Lately however, a new man has entered my dreams. He is not a celebrity, I have never seen him before and I am pretty sure that he doesn't even exist. I picture him so clearly though. His name is Malcolm. He is a tall Scotsman with dark curly hair, beautiful dark eyes and is almost too handsome. He is in his late thirties or early forties and very well put together. He is intelligent, witty, charming, articulate, very masculine, kind and considerate. The dream is intensely erotic causing spontaneous orgasms. It almost makes me not want to get out of bed in the morning. I am saving a fortune on batteries not to mention wear and tear on my b.o.b.
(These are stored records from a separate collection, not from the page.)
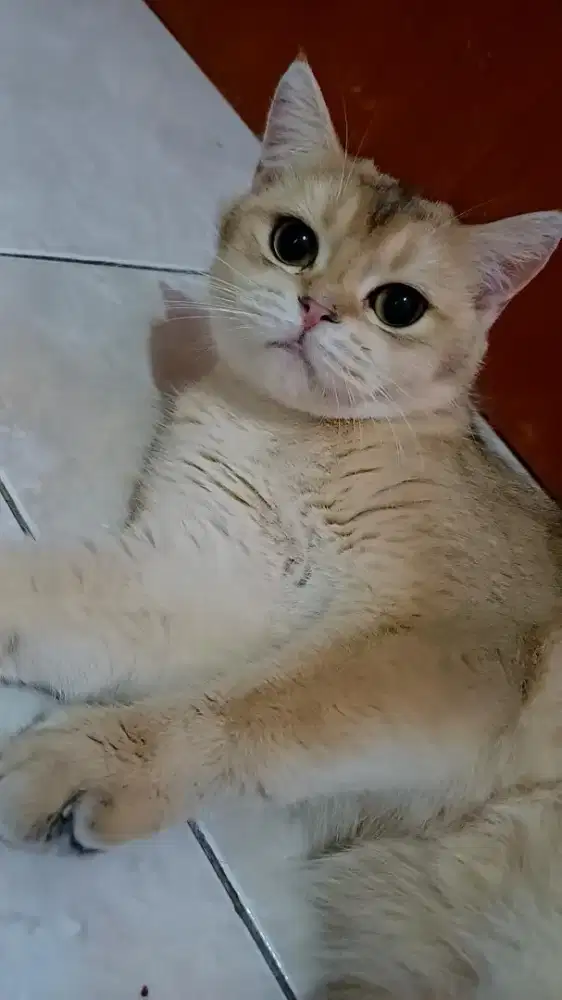 LA bsh golden jantan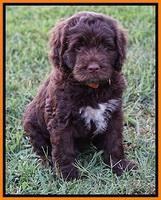 Liza Duke pups 7 wks old 331
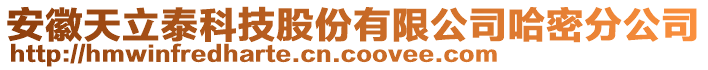 安徽天立泰科技股份有限公司哈密分公司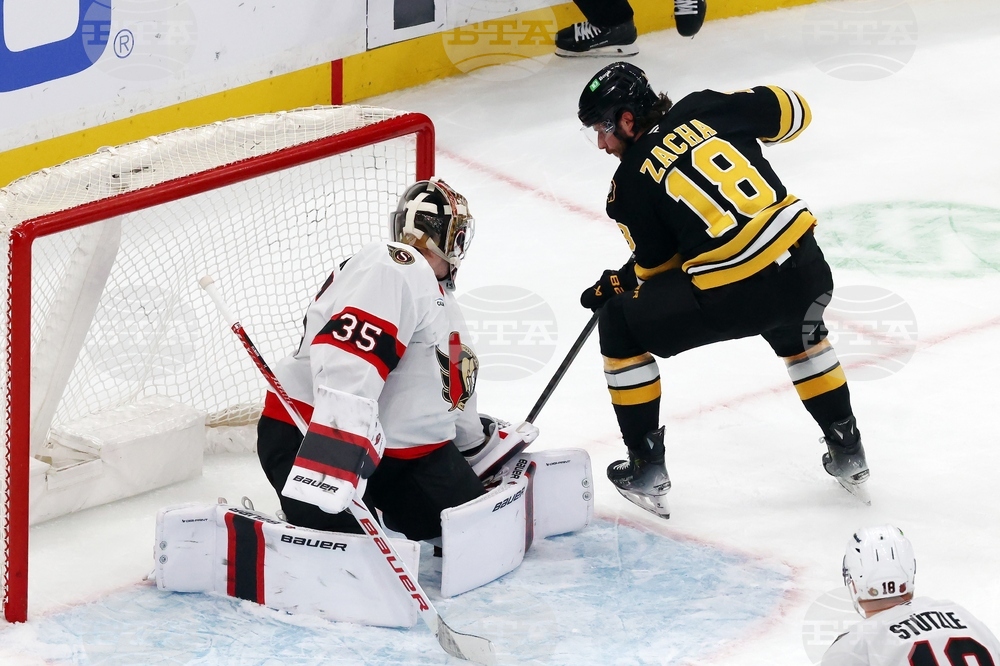 Senators Bruins Hockey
I am sure that this has something to do with my obsession with Scotland. I just don't know why I can picture him so clearly, especially when he looks like no one I have ever met or seen before. Must be my subconscious projection of the perfect man for me.
The down side is that because it is a dream, it can't replace the real thing. I miss kissing. I miss being held and the touch of a man, the feel of skin on skin, the warm musky smell of a man, the heat, the passion. But until I am ready for that again, I will be content with my dreams.